The paint has faded and is rusting through in places, the outside is quite dirty, and a back leg has completely rusted through. I had to prop it up to keep the thing from rocking.
The inside doesn’t look much better. Surface rust is kind of unavoidable, but neglect had built up on the walls and in the bottom tub. I should really clean this thing out more.
My bad behavior aside, this thing is built like a tank. Even with all the years of outdoor use, I was able to pull all the screws out. There is a lot of surface rust, but nothing too deep except for the one back leg. I started to take everything apart and became even more enamored with my smoker’s build and design.
With all the parts pulled out and the mess cleaned up it was time to get everything back into shape.

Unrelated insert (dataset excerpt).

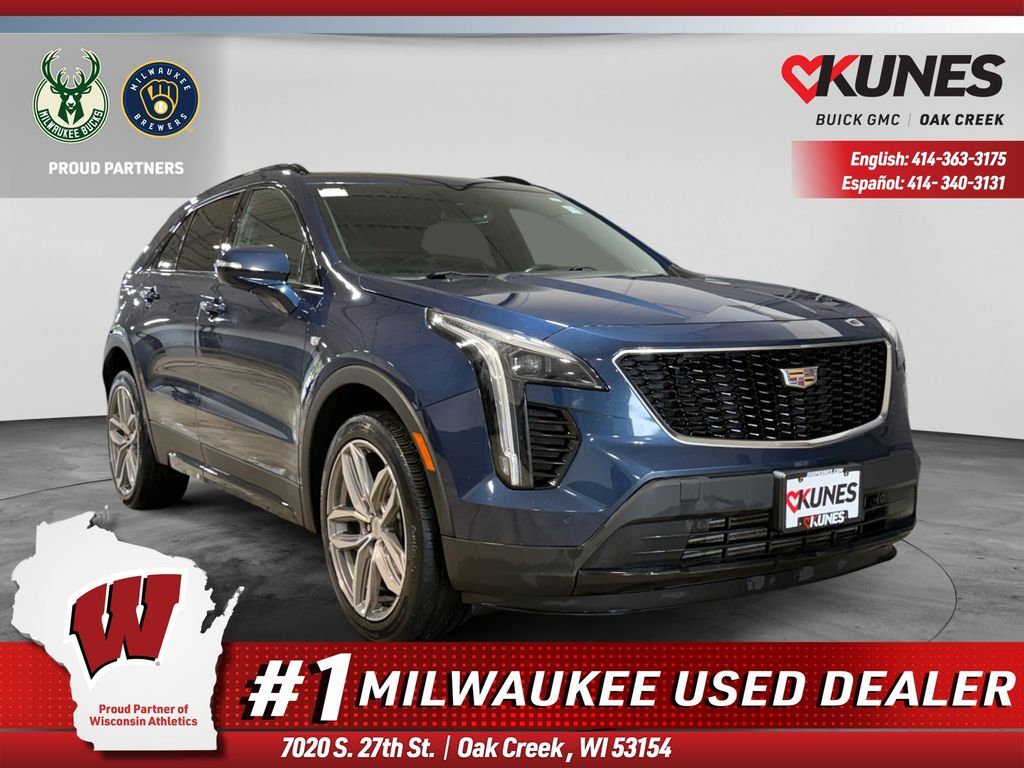 2022 CADILLAC XT4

I used a wire brush on my angle grinder to strip all the bad paint and rust. I started everything with flat black rustoleum grill paint. It covered everything but looked kind of bad. I was in the hardware store and noticed they have a semigloss. It matches the original paint job. I redid most of the parts with a primer, and gave everything another coat with the semi-gloss.
Once all the paint was down I started rebuilding. Some of the hardware got replaced, but most of it was actually in really good shape. The back leg was shortened and fitted with an aluminum extension. No more rusting off foot! I replaced the hot rod starter because it is hard to get to and didn’t cost much to replace.
Other upgrades happened along the way. They have a nice shelf that bolts in with the legs. It folds away when not in use, and sits nicely in line with the entrance so you can transfer to and from the smoker.
I pulled out the old controller that only had 3 heat settings. The new one reads the internal temperature and feeds in pellets accordingly. It has an autostart-up feature and a shutdown cycle that helps prevent soot. I also replaced the drip bucket because it was pretty nasty.
All in all it looks pretty good. Because I couldn’t get all the old paint off there is some odd texture, but it looks way better than when I started. Now that I have the primer and grill paint around I will make it a point to check every year or so for bad spots that need a touchup.
Lastly, the accessory I should have bought when I first got the grill. A cover! I don’t know how much longer the paint would have lasted with one, but it is worth a shot.
This smoker rocks. With a little more preventative maintenance than I had been doing I can hopefully look forward to another 6+ years of service. Delicious smoked meat posts to follow!